Max Schmitt makes the argument that toast notifications create a bad user experience. What are toasts? One good definition I found says:

A Toast is a non modal, unobtrusive window element used to display brief, auto-expiring windows of information to a user.

Sounds right to me. Why doesn’t Max like them?

The core problem is that toasts always show up far away from the user’s attention.

Sounds right to me. He goes on to give a couple of examples and how he’d redesign the interaction so it doesn’t need a toast notification.

📊 ChartDB: a web-based database diagramming editor

What’s cool about this open source, self-hostable web app is its instant schema import:

Run a single query to instantly retrieve your database schema as JSON. This makes it incredibly fast to visualize your database schema, whether for documentation, team discussions, or simply understanding your data better.

They give you a “magic query” that you take and run in your database (Postgres, MySQL, SQLite, etc.) and then paste the resulting JSON into ChartDB for it to visualize. From there you can use the interactive editor to fine-tune the schema.

An example ChartDB result page with tables listed in rows in the left panel and a visual layout of each table with its columns and relationships to other tables in the main panel.

💰 Top 5 launches of Supabase Launch Week 12

Thanks to Supabase for sponsoring Changelog News

  1. postgres.new – an in-browser Postgres sandbox with AI assistance. With postgres.new, you can instantly spin up an unlimited number of Postgres databases that run directly in your browser (and soon, deploy them to S3).
  2. Build Postgres Wrappers with Wasm. They released support for Wasm (WebAssembly) Foreign Data Wrapper. With this feature, anyone can create a FDW and share it with the Supabase community. You can build Postgres interfaces to anything on the internet.
  3. Bring-your-own Auth0, Cognito, or Firebase. This was actually a few different announcements: support for third-party Auth providers; Phone-based Multi-factor Authentication (that’s SMS and Whatsapp); and new auth hooks for SMS and email.
  4. Authorization for Realtime’s Broadcast and Presence is now public beta. You can now convert a Realtime channel into an authorized Channel using RLS Policies in two steps.
  5. They released Log Drains so you can export logs generated by Supabase products to external destinations, like Datadog or custom HTTP endpoints.
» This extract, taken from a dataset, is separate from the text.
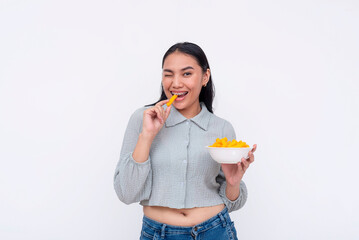Joyful young Asian woman winking with a playful gesture while eating cheese puffs, isolated on a...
That’s the top five, according to us.

Head here for details on everything else! And for new users to Supabase head here for one month of Supabase Pro for FREE.

đŸ«Ł Code review anti-patterns

Simon Tatham:

When a code reviewer turns to the dark side, they have a huge choice of ways to obstruct or delay improvements to the code, to annoy patch authors or discourage them completely, or to pursue other goals of their own.

If you’ve only recently turned to the dark side, you might not have thought of all the possibilities yet. So here’s a list of code-review antipatterns, for the dark-side code reviewer who’s running out of ideas.

I love how Simon named each anti-pattern so it’ll be easy to identify and discuss with others. These names are great:

  • The Ransom Note
  • The Double Team
  • The Catch-22
  • The Flip Flop

You can almost imagine what each of these means in the context of code review, even without reading the explanations. But you should still read the explanations. They are so good/bad. For example, The Priority Inversion:

In your first code review passes, pick small and simple nits. Variable names are a bit unclear; comments have typos in.

Wait for the developer to fix those, and then drop your bombshell: there’s a much more fundamental problem with the patch, that needs a chunk of it to be completely rewritten – which means throwing away a lot of the nitpick fixes you’ve already made the developer do in that part of the patch.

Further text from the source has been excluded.